Archeologische beleidskaart
Plangebied
Midden in het plangebied ligt een zone met een archeologisch belang (waarde 2 op de beleidskaart). Het betreft een inheems-Romeinse nederzetting die in 2002 grotendeels is opgegraven. Wegens de grote omvang van de nederzetting konden tijdens de opgraving lang niet alle grondsporen afdoende worden onderzocht. In de ondergrond zijn van deze nederzetting nog sporen (met name greppels, kuilen en waterputten) intact aanwezig. Deze sporen reikten dieper dan de aan te leggen bouwputten. Het belang van zulke overblijfselen voor het inzicht in de Bataafse gemeenschap die hier leefde, kan aangeduid worden door de vermelding van de inhoud van een enkele waterput die werd onderzocht ter plekke van de huidige Dupondiusstraat. De putmantel was gefabriceerd uit minstens één hergebruikte Romeinse wijnton. Tot de vondsten uit de waterput behoren fragmenten van een leren sandaal, een houten panfluit en houten schrijfplankjes.

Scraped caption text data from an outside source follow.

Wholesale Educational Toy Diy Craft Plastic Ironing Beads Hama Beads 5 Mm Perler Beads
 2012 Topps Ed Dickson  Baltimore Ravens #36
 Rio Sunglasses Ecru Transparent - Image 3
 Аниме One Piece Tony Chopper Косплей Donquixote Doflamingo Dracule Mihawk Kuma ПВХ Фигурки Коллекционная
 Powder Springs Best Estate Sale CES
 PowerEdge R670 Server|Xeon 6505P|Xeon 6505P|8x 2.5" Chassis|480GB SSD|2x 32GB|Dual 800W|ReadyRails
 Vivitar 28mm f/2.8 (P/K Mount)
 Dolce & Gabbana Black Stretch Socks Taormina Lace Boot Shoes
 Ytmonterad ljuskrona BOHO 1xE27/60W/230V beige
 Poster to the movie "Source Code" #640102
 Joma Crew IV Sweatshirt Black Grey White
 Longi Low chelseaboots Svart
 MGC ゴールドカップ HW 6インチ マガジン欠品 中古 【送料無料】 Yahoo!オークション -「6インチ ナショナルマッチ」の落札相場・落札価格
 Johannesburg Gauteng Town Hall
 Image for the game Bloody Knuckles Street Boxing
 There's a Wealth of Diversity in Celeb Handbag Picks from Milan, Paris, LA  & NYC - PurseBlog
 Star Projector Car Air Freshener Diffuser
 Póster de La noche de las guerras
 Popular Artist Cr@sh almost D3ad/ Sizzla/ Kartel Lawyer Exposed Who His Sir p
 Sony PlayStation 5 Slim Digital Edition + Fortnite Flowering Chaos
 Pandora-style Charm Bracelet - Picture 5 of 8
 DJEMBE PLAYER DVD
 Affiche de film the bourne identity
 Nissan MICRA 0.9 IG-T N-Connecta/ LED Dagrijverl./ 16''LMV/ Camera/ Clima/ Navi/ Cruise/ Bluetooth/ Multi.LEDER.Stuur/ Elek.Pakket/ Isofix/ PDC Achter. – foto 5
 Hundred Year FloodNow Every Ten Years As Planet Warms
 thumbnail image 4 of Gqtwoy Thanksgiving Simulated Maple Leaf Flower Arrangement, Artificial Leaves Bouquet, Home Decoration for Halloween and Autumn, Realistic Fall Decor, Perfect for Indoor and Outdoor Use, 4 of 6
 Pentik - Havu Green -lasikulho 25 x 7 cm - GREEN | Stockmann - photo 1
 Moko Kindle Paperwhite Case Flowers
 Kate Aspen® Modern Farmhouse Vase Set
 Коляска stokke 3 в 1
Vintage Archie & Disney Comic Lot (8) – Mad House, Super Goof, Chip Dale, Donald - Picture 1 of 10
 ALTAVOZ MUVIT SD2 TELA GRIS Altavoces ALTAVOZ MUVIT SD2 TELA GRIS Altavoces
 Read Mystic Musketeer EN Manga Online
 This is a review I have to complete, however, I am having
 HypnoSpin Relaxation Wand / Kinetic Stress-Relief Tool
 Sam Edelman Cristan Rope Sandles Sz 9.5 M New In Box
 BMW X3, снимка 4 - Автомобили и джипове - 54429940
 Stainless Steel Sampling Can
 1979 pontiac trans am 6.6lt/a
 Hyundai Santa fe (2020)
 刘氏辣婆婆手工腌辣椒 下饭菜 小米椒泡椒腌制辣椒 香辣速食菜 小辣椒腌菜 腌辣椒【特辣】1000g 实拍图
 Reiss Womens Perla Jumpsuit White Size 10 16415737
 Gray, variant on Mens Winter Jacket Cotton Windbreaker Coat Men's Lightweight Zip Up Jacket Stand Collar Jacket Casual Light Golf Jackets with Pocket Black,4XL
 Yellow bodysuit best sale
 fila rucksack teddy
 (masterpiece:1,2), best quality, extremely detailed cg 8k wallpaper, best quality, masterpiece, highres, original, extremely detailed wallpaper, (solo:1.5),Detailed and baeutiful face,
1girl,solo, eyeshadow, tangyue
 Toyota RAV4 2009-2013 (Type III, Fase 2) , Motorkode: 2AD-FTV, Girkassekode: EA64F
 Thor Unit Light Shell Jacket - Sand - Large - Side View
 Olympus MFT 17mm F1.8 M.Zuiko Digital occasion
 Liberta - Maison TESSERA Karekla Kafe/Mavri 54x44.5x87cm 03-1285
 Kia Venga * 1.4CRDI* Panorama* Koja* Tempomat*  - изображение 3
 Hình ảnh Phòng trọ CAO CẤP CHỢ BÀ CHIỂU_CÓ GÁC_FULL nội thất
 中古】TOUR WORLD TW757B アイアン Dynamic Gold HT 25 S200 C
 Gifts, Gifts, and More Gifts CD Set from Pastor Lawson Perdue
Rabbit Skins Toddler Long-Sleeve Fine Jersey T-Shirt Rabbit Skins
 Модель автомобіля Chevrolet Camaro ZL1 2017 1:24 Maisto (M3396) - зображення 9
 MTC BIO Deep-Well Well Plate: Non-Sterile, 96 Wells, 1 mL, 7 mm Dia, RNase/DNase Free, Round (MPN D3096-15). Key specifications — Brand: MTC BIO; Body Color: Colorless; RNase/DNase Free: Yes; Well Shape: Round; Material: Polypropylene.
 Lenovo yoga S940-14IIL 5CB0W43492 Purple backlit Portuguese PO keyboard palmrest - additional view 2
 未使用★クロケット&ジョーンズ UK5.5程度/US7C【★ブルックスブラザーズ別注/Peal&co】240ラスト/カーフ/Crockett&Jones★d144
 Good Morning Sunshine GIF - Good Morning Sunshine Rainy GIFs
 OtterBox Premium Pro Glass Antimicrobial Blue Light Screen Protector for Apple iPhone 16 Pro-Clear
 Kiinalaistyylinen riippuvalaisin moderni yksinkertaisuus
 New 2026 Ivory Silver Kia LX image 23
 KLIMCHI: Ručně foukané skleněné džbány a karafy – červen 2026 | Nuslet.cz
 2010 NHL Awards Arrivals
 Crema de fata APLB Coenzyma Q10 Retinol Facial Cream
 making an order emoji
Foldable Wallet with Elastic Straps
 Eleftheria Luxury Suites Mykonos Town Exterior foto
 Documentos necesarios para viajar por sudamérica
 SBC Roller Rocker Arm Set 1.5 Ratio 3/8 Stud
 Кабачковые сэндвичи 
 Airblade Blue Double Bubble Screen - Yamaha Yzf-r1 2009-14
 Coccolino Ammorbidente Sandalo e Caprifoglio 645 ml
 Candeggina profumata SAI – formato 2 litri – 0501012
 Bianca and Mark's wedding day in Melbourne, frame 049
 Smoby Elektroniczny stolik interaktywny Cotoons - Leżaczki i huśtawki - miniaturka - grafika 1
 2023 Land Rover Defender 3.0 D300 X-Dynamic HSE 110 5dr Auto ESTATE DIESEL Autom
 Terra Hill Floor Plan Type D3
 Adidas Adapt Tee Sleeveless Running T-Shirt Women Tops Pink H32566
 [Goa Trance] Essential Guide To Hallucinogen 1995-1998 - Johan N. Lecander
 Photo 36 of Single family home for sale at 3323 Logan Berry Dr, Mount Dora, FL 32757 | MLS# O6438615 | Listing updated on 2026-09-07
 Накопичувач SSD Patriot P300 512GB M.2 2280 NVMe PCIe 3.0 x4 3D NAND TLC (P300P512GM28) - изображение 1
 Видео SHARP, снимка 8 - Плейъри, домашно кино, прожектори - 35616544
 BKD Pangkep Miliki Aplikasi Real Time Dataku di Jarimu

Speciale aandacht verdient het oostelijke deel van het terrein. Daar is een segment vastgelegd van de enige waterloop die in de Romeinse tijd nog openlag, een smalle restgeul. Uit de vulling daarvan zijn onder het grondwaterniveau diverse stukken bewerkt hout geborgen. In dit deel van het terrein zijn tevens sporen te verwachten van de verkaveling van het agrarische areaal buiten de nederzetting, die tot nog toe maar ten dele in kaart kon worden gebracht.
In de zuidwesthoek van het plangebied, net ten noorden van de Van Boetzelaerstraat, ligt een terrein van zeer hoge archeologische waarde (waarde 3). Het terrein omvat zowel een huisterp van waarschijnlijk laat-middeleeuwse oorsprong als sporen van bewoning die dateren uit de overgangsperiode van bronstijd naar ijzertijd.
Voorwaarden
De terreinen krijgt de dubbelbestemming: Waarde Archeologie 2 en Waarde Archeologie 3 met bijbehorende regels. Doel van deze maatregel is om de verwachte archeologische waarden in de bodem te beschermen. Door het opnemen van deze dubbelbestemming zullen omgevingsvergunningen voor het betreffende gebied eerst beoordeeld moeten worden op hun archeologische waarde. De kosten van een eventueel archeologisch onderzoek (inclusief uitwerking en rapportage) zullen als gevolg van de implementatie van het Verdrag van Valletta ten laste komen van de verstoorder van het bodemarchief (verstoorder betaalt-principe).
Informatieplicht
Een persoon die anders dan bij het doen van opgravingen een zaak vindt, waarvan deze weet of redelijkerwijs moet vermoeden dat het een monument is (in roerende of onroerende zin), is verplicht dit binnen drie dagen te melden (artikel 53 Monumentenwet 1988) bij de Rijksdienst voor Cultureel Erfgoed.